BRUSSELS, Belgium (AP) - An international global warming conference approved a report Friday warning of dire threats to the Earth and to mankind from increased hunger to the extinction of species unless the world adapts to climate change and halts its progress.
Agreement came after an all-night session during which key sections were deleted from the draft and scientists angrily confronted government negotiators who they feared were watering down their findings.
"It has been a complex exercise," said Rajendra Pachauri, chairman of the Intergovernmental Panel on Climate Change.
Several scientists objected to the editing of the final draft by government negotiators but in the end agreed to compromises.

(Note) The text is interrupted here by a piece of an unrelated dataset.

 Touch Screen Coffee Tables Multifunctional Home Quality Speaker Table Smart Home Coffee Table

However, some scientists vowed never to take part in the process again.
The climax of five days of negotiations was reached when the delegates removed parts of a key chart highlighting devastating effects of climate change that kick in with every rise of 1.8 degrees Fahrenheit, and in a tussle over the level of scientific reliability attached to key statements.
There was little doubt about the science, which was based on 29,000 sets of data, much of it collected in the last five years. "For the first time we are not just arm-waving with models," Martin Perry, who conducted the grueling negotiations, told reporters.

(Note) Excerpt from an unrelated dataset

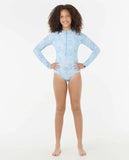 Rip Curl Big Girls AOTS Oceanic Rib Zip Front Surfsuit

The United States, China and Saudi Arabia raised the many of the objections to the phrasing, often seeking to tone down the certainty of some of the more dire projections.
The final IPCC report is the clearest and most comprehensive scientific statement to date on the impact of global warming mainly caused by man-induced carbon dioxide pollution.
It said up to 30 percent of the Earth's species face an increased risk of vanishing if global temperatures rise 3.6 degrees Fahrenheit above the average in the 1980s and '90s.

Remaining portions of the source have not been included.